Loyalist paramilitaries make joint pledge denouncing criminality

Freedom Corner on the Newtownards Road in east Belfast comprised of four murals and are some of the most instantly recognisable in Northern Ireland
Freedom Corner on the Newtownards Road in east Belfast comprised of four murals and are some of the most instantly recognisable in Northern Ireland

The three main loyalist paramilitary organisations in Northern Ireland have issued a declaration denouncing criminality and pledging to make a “meaningful contribution” to improving the lot of their communities.

As part of the initiative, the Ulster Defence Association (UDA), the Ulster Volunteer Force (UVF) and the Red Hand Commando are supporting the formation of a “Loyalist Communities Council” to help deliver the goals.

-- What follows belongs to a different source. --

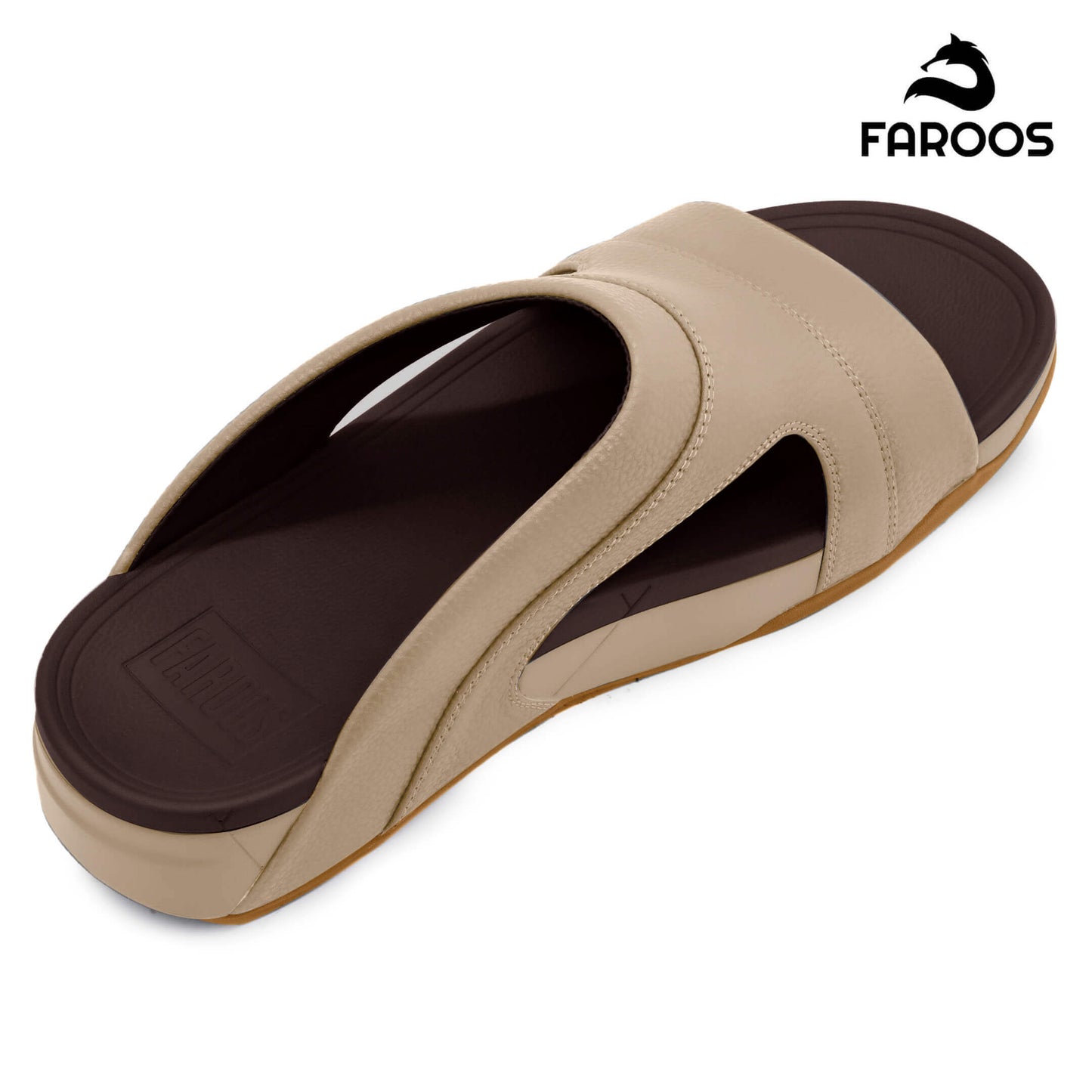 Faroos[F369]M133 Stone Gents Arabic Sandal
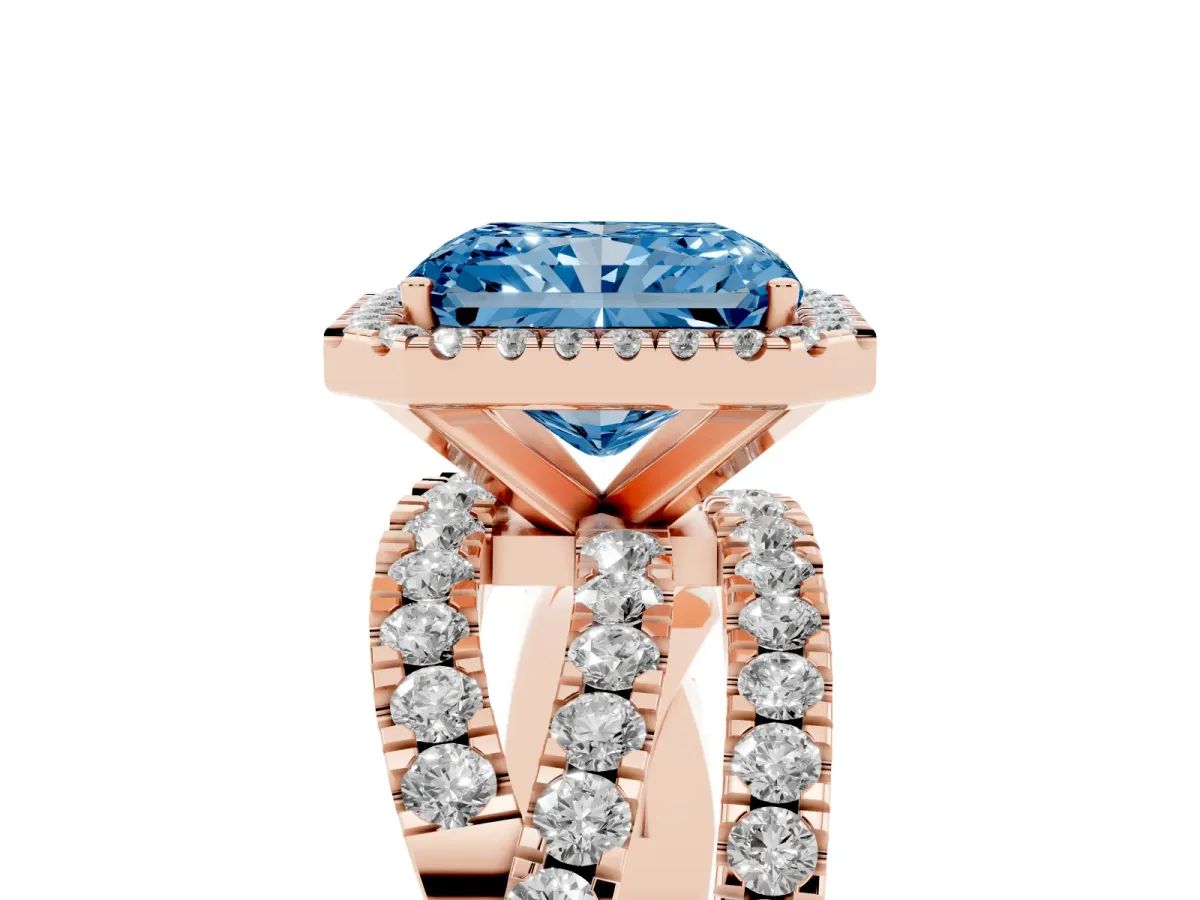 Fancy Blue Radiant Cut Diamond Halo Ring with Round Split Shank and Prong Setting Rose gold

It will focus on “law abiding responses to criminality”, as well as addressing loyalist “disenfranchisement” from the political process and increasing educational standards in loyalist communities.

“We eschew all violence and criminality,” said the joint declaration. “If there are those who attempt to use current or past associations with our organisations to further criminality they will be disowned and should be aware that they will not be permitted to use the cover of loyalism.”

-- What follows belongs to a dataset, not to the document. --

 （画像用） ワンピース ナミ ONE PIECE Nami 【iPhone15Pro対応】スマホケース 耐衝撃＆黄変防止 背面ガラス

Tony Blair’s former chief of staff Jonathan Powell and Ukip MLA David McNarry have been involved in efforts to facilitate the loyalist move.

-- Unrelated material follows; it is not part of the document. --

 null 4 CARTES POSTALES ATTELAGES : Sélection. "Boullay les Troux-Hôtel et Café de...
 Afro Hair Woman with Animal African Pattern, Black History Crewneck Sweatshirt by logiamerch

It comes amid a political crisis at Stormont prompted by a police assessment that structures of the Provisional IRA still exist and some of its members were involved in a murder in Belfast.

While the main loyalist paramilitary organisations called a ceasefire over 20 years ago, the outlawed armed groups continue to exist.

While no longer engaged in direct conflict with republican paramilitaries, feuds and turf wars among rival loyalist factions have led to numerous murders in the intervening decades.

Some paramilitaries have also continued to be involved in criminality, including extortion, racketeering and drug dealing.

The groups have also been blamed for orchestrating serious public disorder amid disputes related to loyal order parades, flags and the arrest of members over historic Troubles crimes.

The declaration was made on the 21st anniversary of the 1994 loyalist ceasefire. Mr Powell played a key role in the peace process negotiations during the time of the historic Good Friday Agreement of 1998.

Since leaving politics he has headed up a negotiation and mediation charity that works in conflict zones around the world.